What the task requires:
Send back the data below exactly. Drop every picture.

Recorded information:
*** Begin section ***
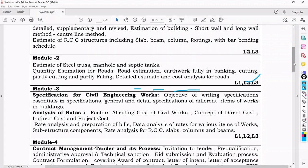Next is Module 2, where we will see the estimation of steel truss, manhole and septic tanks. With examples, we will estimate the quantity of units of work in a steel truss project — what materials are required and how to calculate the approximate cost. Similarly for manhole and septic tanks. We will also see the quantity estimation of roads — earthwork for banking and cutting — and cost analysis for roads.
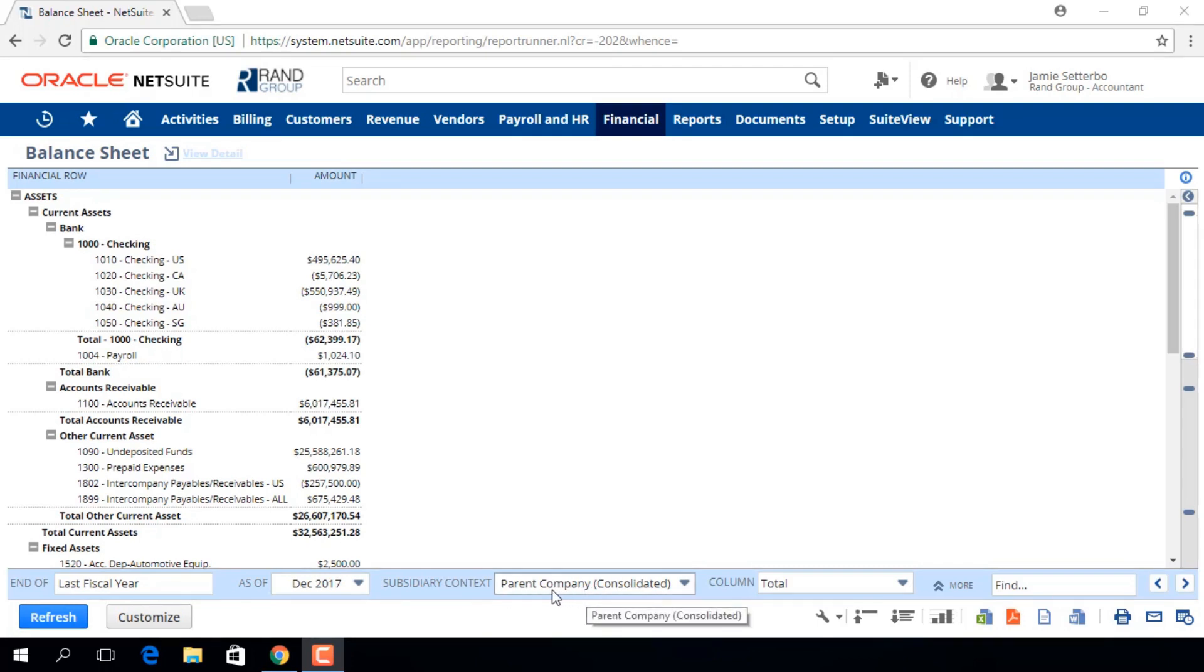It's important to note that inactive classes, departments, locations, and subsidiaries are available as filters to provide historical reporting and also to avoid any unbalanced totals.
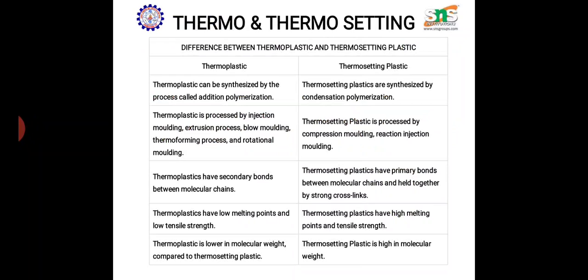Thermoplastics can be synthesized by addition polymerization; thermosetting can be synthesized by condensation polymerization. Addition polymerization is just an addition of monomers to form a long chain compound without elimination of any molecules, whereas in condensation polymerization there is an elimination of certain molecules like ammonia, water, etc.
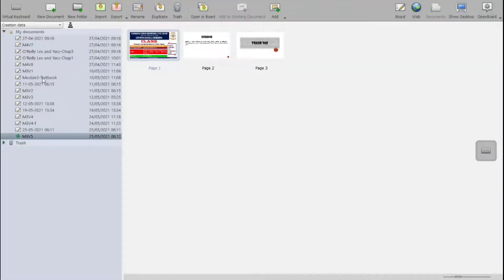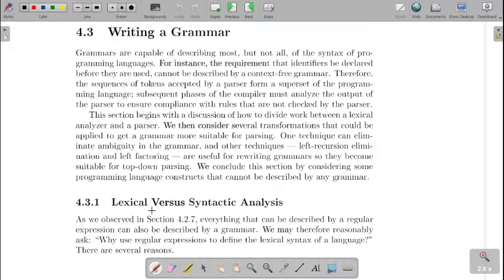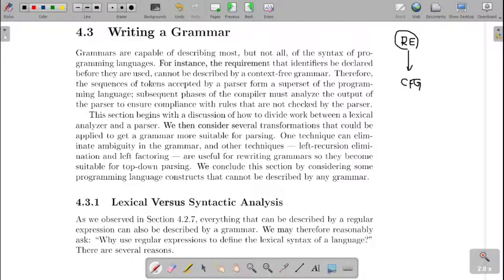To start with, in the last video, we have seen that whatever we are able to do with regular expressions, for that we can construct context-free grammars. And we are raising the question: when things can be done with context-free grammars, why should we learn regular expressions again? When the same thing can be done with context-free grammar, why can't we apply it to both phases?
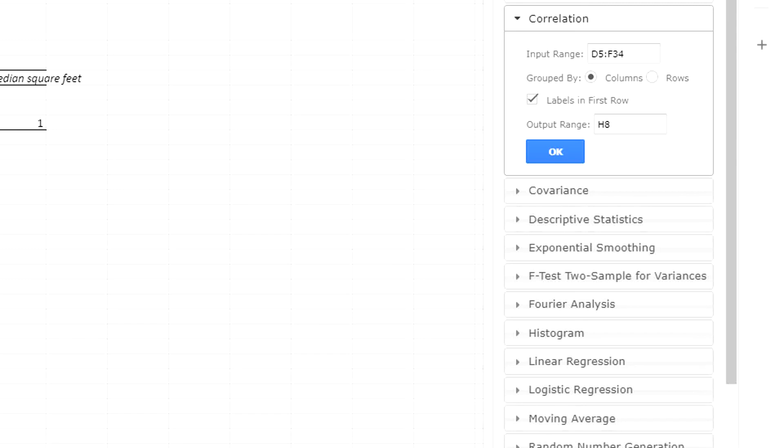So there are a couple of ways to get it. It's going to be the same number, no matter which way you get it. That's how you can get R squared.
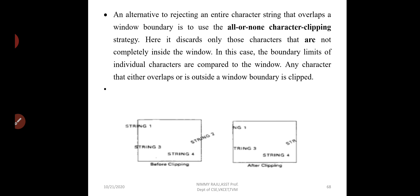This strategy discards only those characters that are not completely inside the window. The boundary limits of individual characters are compared to the window. Any character that either overlaps or is outside the window should be clipped.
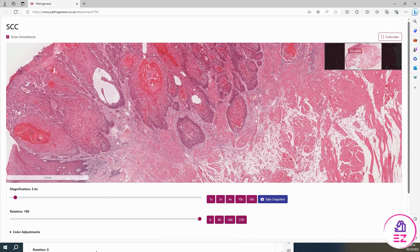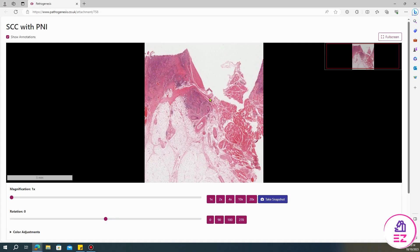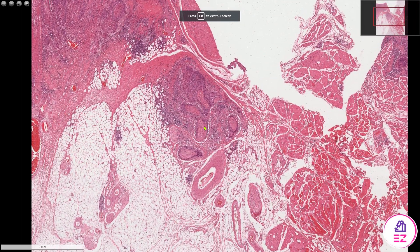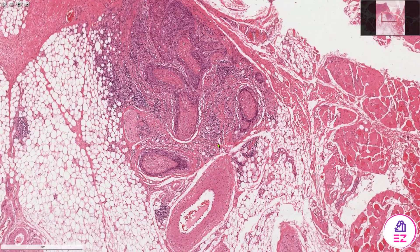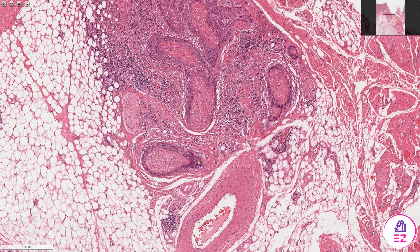I just wanted to show you another example of a squamous cell carcinoma, because this one shows perineural invasion, which along with lymphovascular invasion are other things we'd comment on. We've got five lots of nerve bundles, and you can see that we've got squamous cell carcinoma wrapping around those nerves. This is associated with poor prognosis and local recurrence.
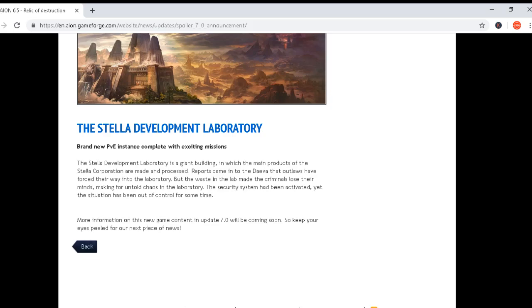This is probably new PvE gear, better than Senektor gear, right? Let's check this out. The Stella Development Laboratory is a giant building in which the main products of the Stella Cooperation are made and processed.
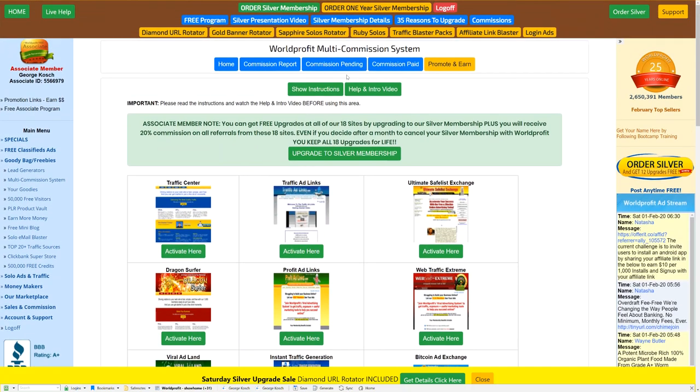Okay, again, any issues, click on support up here. We'll help you or live help is available. Talk to you soon and thank you very much. Congratulations on signing up for our program.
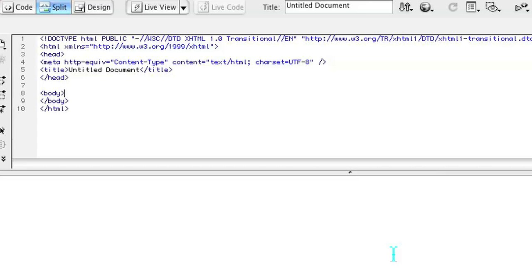So let's go over to Dreamweaver and I'll show you what's going on. As you can see, this is a PHP file that I created.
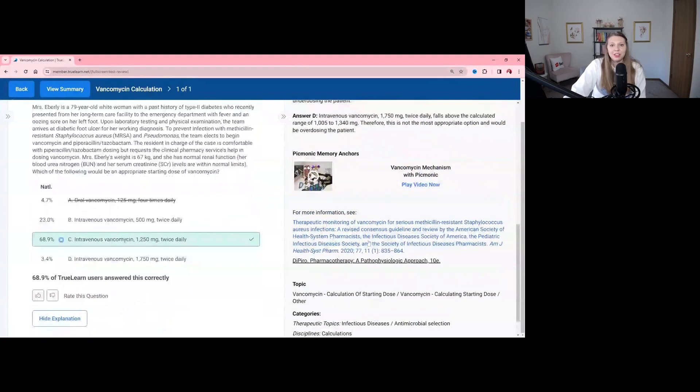I hope you found this question walkthrough helpful, and good luck on your NAPLEX.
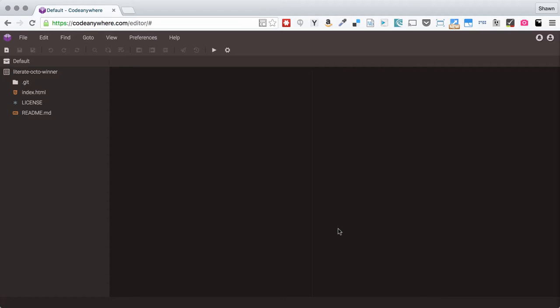Hello everybody. Welcome to a quick video where we're going to look at how to configure your CodeAnywhere workspace.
*** End section ***
Result below:
Next is Module 2, where we will see the estimation of steel truss, manhole and septic tanks. With examples, we will estimate the quantity of units of work in a steel truss project — what materials are required and how to calculate the approximate cost. Similarly for manhole and septic tanks. We will also see the quantity estimation of roads — earthwork for banking and cutting — and cost analysis for roads.
It's important to note that inactive classes, departments, locations, and subsidiaries are available as filters to provide historical reporting and also to avoid any unbalanced totals.
Thermoplastics can be synthesized by addition polymerization; thermosetting can be synthesized by condensation polymerization. Addition polymerization is just an addition of monomers to form a long chain compound without elimination of any molecules, whereas in condensation polymerization there is an elimination of certain molecules like ammonia, water, etc.
To start with, in the last video, we have seen that whatever we are able to do with regular expressions, for that we can construct context-free grammars. And we are raising the question: when things can be done with context-free grammars, why should we learn regular expressions again? When the same thing can be done with context-free grammar, why can't we apply it to both phases?
So there are a couple of ways to get it. It's going to be the same number, no matter which way you get it. That's how you can get R squared.
This strategy discards only those characters that are not completely inside the window. The boundary limits of individual characters are compared to the window. Any character that either overlaps or is outside the window should be clipped.
I just wanted to show you another example of a squamous cell carcinoma, because this one shows perineural invasion, which along with lymphovascular invasion are other things we'd comment on. We've got five lots of nerve bundles, and you can see that we've got squamous cell carcinoma wrapping around those nerves. This is associated with poor prognosis and local recurrence.
This is probably new PvE gear, better than Senektor gear, right? Let's check this out. The Stella Development Laboratory is a giant building in which the main products of the Stella Cooperation are made and processed.
Okay, again, any issues, click on support up here. We'll help you or live help is available. Talk to you soon and thank you very much. Congratulations on signing up for our program.
So let's go over to Dreamweaver and I'll show you what's going on. As you can see, this is a PHP file that I created.
I hope you found this question walkthrough helpful, and good luck on your NAPLEX.
Hello everybody. Welcome to a quick video where we're going to look at how to configure your CodeAnywhere workspace.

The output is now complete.